Task instructions: Will you write out the data exactly, excluding every picture?

Given material:
........

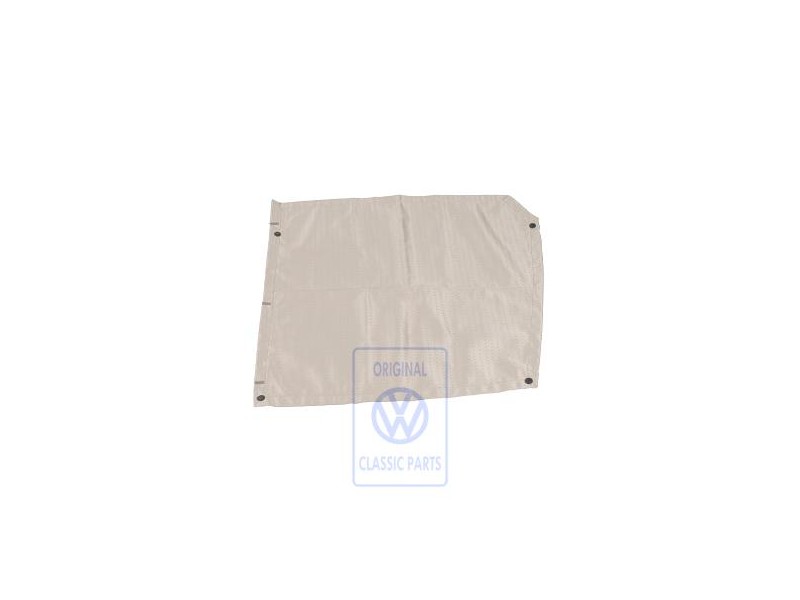 Genuine VW Curtain For Rear Window Light Beige - 703862758 4PG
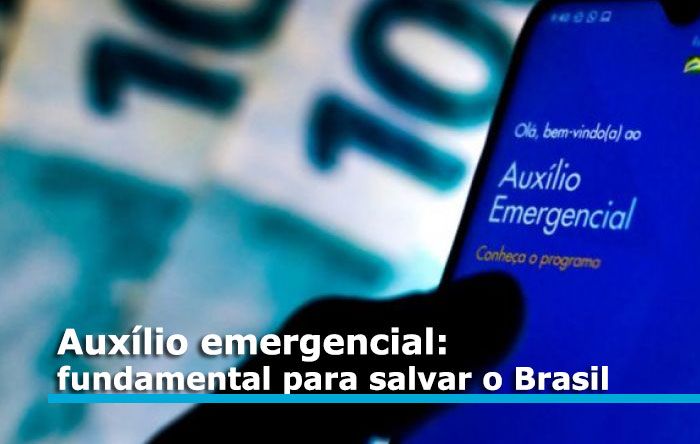 Manter auxílio emergencial é fundamental para salvar vidas e recuperar economia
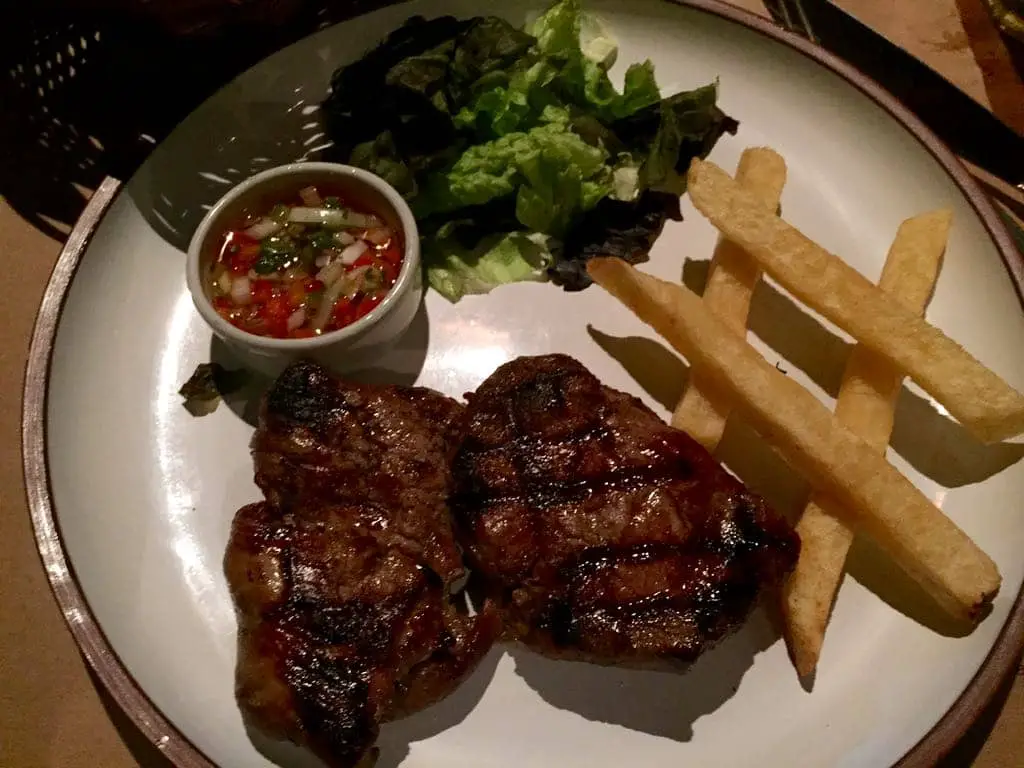 Steak in der Parilla Miranda Buenos Aires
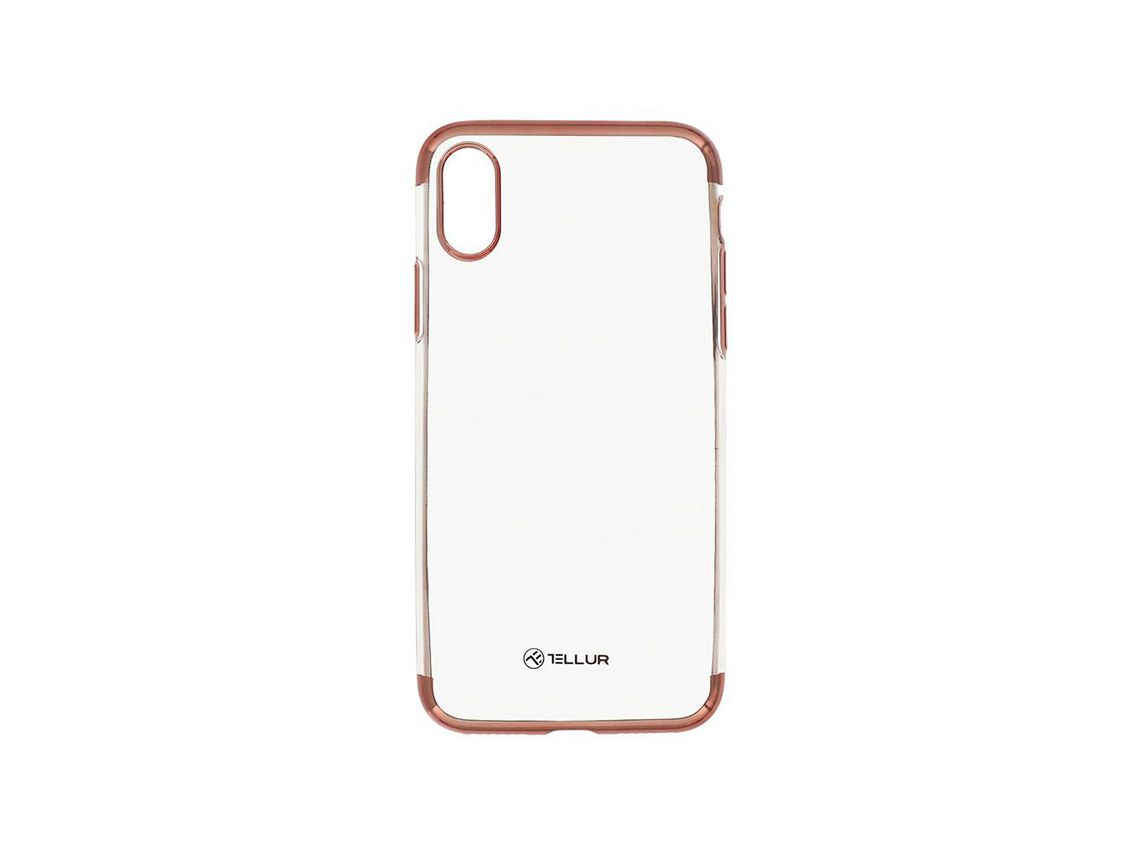 Capa para TELLUR Silicone Dourado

........

Your response:
 Genuine VW Curtain For Rear Window Light Beige - 703862758 4PG
 Manter auxílio emergencial é fundamental para salvar vidas e recuperar economia
 Steak in der Parilla Miranda Buenos Aires
 Capa para TELLUR Silicone Dourado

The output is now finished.